Short descriptive text snippets:
______________________________

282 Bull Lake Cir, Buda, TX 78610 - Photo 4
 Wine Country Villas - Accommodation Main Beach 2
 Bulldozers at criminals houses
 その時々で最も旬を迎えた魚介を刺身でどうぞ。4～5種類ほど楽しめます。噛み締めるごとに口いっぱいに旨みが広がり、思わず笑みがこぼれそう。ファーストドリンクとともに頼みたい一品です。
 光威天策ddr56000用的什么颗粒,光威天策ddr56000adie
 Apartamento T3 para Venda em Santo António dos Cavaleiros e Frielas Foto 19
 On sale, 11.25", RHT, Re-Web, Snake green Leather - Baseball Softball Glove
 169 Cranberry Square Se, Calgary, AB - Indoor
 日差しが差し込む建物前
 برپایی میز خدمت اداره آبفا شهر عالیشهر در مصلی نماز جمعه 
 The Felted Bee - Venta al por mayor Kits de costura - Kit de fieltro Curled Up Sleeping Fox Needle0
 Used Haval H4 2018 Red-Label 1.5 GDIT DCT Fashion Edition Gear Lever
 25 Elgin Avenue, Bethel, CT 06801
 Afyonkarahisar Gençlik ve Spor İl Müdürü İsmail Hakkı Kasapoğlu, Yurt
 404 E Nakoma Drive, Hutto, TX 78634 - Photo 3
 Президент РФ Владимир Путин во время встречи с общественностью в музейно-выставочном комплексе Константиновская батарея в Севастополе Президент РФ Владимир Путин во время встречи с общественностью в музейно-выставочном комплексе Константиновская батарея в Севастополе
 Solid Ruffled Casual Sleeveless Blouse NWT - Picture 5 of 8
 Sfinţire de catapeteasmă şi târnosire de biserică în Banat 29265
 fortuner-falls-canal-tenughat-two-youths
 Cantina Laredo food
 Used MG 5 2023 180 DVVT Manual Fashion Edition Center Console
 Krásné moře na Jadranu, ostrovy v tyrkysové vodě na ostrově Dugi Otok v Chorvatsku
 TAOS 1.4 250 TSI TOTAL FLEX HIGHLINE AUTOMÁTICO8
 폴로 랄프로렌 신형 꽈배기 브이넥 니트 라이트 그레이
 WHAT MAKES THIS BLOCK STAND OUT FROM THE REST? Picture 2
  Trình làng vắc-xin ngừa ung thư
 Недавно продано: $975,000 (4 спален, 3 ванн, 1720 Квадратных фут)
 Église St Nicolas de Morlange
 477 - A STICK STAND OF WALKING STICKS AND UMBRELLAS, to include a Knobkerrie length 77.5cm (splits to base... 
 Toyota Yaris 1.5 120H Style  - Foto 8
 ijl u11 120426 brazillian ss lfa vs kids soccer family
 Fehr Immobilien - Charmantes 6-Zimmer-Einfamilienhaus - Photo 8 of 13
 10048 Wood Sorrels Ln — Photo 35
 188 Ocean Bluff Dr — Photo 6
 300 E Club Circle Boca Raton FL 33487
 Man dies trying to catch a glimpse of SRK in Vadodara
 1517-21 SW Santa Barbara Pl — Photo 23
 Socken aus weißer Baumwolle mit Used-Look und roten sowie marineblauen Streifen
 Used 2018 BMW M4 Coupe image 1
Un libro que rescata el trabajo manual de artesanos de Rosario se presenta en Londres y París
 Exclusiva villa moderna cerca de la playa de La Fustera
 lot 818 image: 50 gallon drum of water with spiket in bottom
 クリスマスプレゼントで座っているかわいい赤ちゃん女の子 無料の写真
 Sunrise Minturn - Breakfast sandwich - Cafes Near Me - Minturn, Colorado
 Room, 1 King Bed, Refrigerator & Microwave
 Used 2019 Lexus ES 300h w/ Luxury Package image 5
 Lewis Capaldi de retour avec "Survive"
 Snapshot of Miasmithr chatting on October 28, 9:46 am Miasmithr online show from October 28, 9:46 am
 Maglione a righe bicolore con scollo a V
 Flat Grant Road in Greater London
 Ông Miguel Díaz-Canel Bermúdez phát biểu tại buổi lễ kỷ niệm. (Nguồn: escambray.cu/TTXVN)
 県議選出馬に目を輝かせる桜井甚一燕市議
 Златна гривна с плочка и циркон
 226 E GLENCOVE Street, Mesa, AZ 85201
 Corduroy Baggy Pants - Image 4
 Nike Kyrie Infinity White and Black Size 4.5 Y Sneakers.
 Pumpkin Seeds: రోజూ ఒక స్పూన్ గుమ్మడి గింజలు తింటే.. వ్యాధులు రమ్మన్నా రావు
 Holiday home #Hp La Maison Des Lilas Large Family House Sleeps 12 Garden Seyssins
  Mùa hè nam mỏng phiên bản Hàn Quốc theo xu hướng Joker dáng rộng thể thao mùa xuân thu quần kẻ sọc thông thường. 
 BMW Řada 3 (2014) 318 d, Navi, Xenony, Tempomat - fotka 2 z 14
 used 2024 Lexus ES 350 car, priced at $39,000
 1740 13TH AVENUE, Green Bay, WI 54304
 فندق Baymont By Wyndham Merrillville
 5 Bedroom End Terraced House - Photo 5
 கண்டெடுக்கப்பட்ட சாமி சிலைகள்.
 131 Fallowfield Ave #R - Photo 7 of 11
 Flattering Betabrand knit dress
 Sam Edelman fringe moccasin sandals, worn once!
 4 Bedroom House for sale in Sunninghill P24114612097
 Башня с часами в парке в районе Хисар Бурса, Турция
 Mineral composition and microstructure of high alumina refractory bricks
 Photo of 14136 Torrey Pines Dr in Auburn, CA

______________________________

Your task for the entries above: copy exactly the span starting with the line with "в Севастополе Президент" and going on through the line with "Krásné moře na", both lines included, and nothing else.

**EXERCISE SOLUTION**.
 Президент РФ Владимир Путин во время встречи с общественностью в музейно-выставочном комплексе Константиновская батарея в Севастополе Президент РФ Владимир Путин во время встречи с общественностью в музейно-выставочном комплексе Константиновская батарея в Севастополе
 Solid Ruffled Casual Sleeveless Blouse NWT - Picture 5 of 8
 Sfinţire de catapeteasmă şi târnosire de biserică în Banat 29265
 fortuner-falls-canal-tenughat-two-youths
 Cantina Laredo food
 Used MG 5 2023 180 DVVT Manual Fashion Edition Center Console
 Krásné moře na Jadranu, ostrovy v tyrkysové vodě na ostrově Dugi Otok v Chorvatsku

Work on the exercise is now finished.